Tales of Arise has a pretty fool proof plan for evolving the series: double down on what worked before.
It’s fair to say that there’s a lot riding on Tales of Arise. It’s been five years since the last entry in the series, 2016’s Tales of Berseria, and a lot has changed in that time – much of it shaking the Japanese RPG world. Titles like Persona 5 have pushed the JRPG to new heights in the West with slick presentation. Final Fantasy has fully embraced full-blown action RPG combat in FF15 and FF7 Remake – though with concessions to keep turn-based stalwarts happy. And games like The Legend of Zelda: Breath of the Wild and Genshin Impact have made many Japanese developers stop and rethink how they design worlds.
One gets the impression that the team behind Tales of Arise is acutely aware of this, too. It’s hard to truly quantify, but it just feels like a game that knows it has an opportunity to evolve the series and open it up to a whole new audience – which feels like an appropriate admission, given it follows the longest gap between Tales titles in the series’ 26-year history.
Tales of Arise carries that feeling despite actually being a bit of a safe bet, truth be told. It has the energy of a new upstart vision of the series, but it doesn’t fix what wasn’t broken – which appears to be much of what tied the past titles in the series together. What Arise does instead is simply lean harder into what has typically set Tales apart – leading to a game that feels more unique for it.
In some ways, that means you will find an unabashed adherence to the genre tropes.
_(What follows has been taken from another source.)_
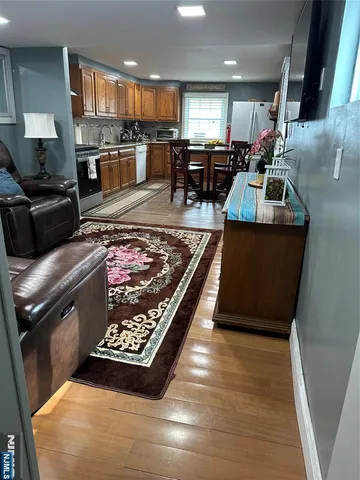 a living room with furniture and a rug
Protagonist Alphen is an amnesiac, for instance. Obviously. You’ll band together with a wide range of characters that span all the usual RPG classes – Healers, Mages, and Monks, Paladins with great big shields. So far so typical.
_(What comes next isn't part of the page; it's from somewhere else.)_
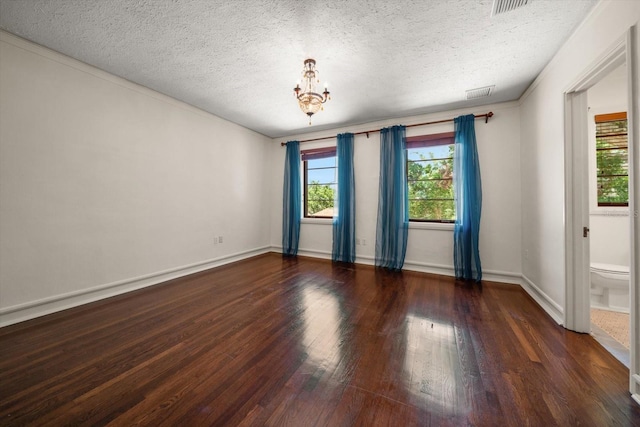 empty room with a textured ceiling, visible vents, wood finished floors, baseboards, and an inviting chandelier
What used to make Tales particularly unique was its action-driven gameplay. While that’s now not so uncommon even among Japanese RPG titles, this is where Arise presses its historical advantage most firmly, offering loud, flashy, and attention-grabbing combat that is, to a degree, style over substance – but that’s okay ‘cos it feels damn good.
Enemies are out in the field, but battles still do take place in a separate game state – so there’s a transition, but in the PC build I played it was near instantaneous both heading into and exiting from battle. The switch to Unreal Engine 4 has resulted in a beautiful game with smooth performance – and it feels like much of the combat has been built around just how ridiculous it can get and just how good it can look without a dent in performance.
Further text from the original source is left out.